PHOTO | CRITIQUE

Tierra en Trance

PPaul Brannac
@25 Fév 2011

Freud, peut-être, est à l’origine de cette anecdote: un couple vaniteux et fort riche convie un critique réputé à admirer en société leur double portrait fraîchement peint. Le critique jugea que, décidément, il ne manquait entre eux deux que le Christ. Au contraire des photographies de Marcos Lopez, ou de ses écrits, parmi lesquels c’est le Saint-Esprit qui fait défaut.

Marcos Lopez est tout. Et non seulement tout, mais le tout incarné. Ou, pour suivre avec plus de scrupules sa pensée telle qu’elle s’exprime dans le texte qu’il a rédigé pour l’exposition, Le Tout est Marcos Lopez.

Rarement un artiste aura revendiqué plus immodestement sa toute-puissance. Non content d’avancer que «l’Amérique latine est mon propre corps», Marcos Lopez est chacun de ses habitants: «Je me suis réincarné en vendeuse ambulante en Bolivie. Puis en travesti errant Place de la Constitution» (à Buenos Aires, où Lopez vit et travaille), «Je suis tigresse. Je suis chien errant. Enfant, Pédé [sic], gaucho, loubard, mère et père».

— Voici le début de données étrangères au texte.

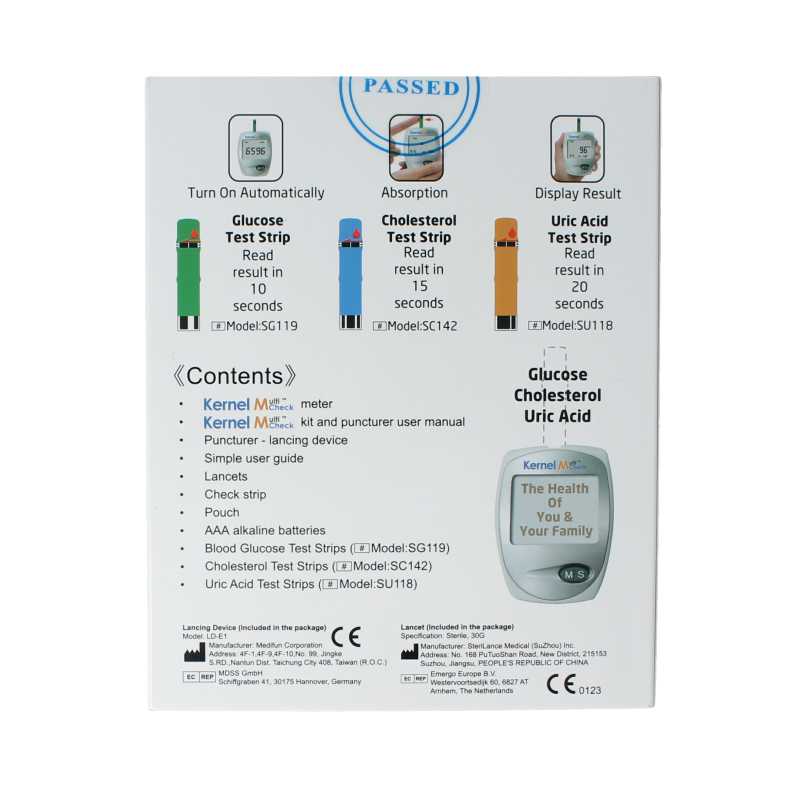 Testjezelf Multicheck 3uz meter 1 Stuks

Bref, Marcos Lopez est à peu près n’importe qui et écrit à peu près n’importe quoi. Car non (mais cela vaut-il de le rappeler?), Lopez n’est pas «sicaire», «narcotrafiquant», ou «cacique des Indiens disparus en Patagonie», pas plus que «stripteaseur dans les bars les plus glauques de Mexico», il n’est, à l’extrême rigueur, que l’image de ceux-ci, ou, pour mieux dire, le cliché de tout cela.

Lorsqu’il écrit, Lopez produit des clichés. Lorsqu’il photographie aussi. En la matière, on ne saurait d’ailleurs décider lequel des deux domaines l’emporte sur l’autre: si de se décrire «souillé par la transpiration des mulâtres dominicaines quand elles dansent le merengue» (la transpiration, version molle de la transe), ou de faire le portrait d’une beauté ténébreuse dans sa peau de loup (Carla, 2010), ou bien d’une «reine de beauté» indigène avec pour diadème une couronne de couverts de table (Amanda, 2010). Et y a-t-il pire cliché que de faire le portrait d’un homme leucémique à la blancheur d’albinos en noir et blanc, avec ce goût du clair-obscur délicat à la Harcourt ? Oui, l’enguirlander de saucisses noires (Flavio, 2010).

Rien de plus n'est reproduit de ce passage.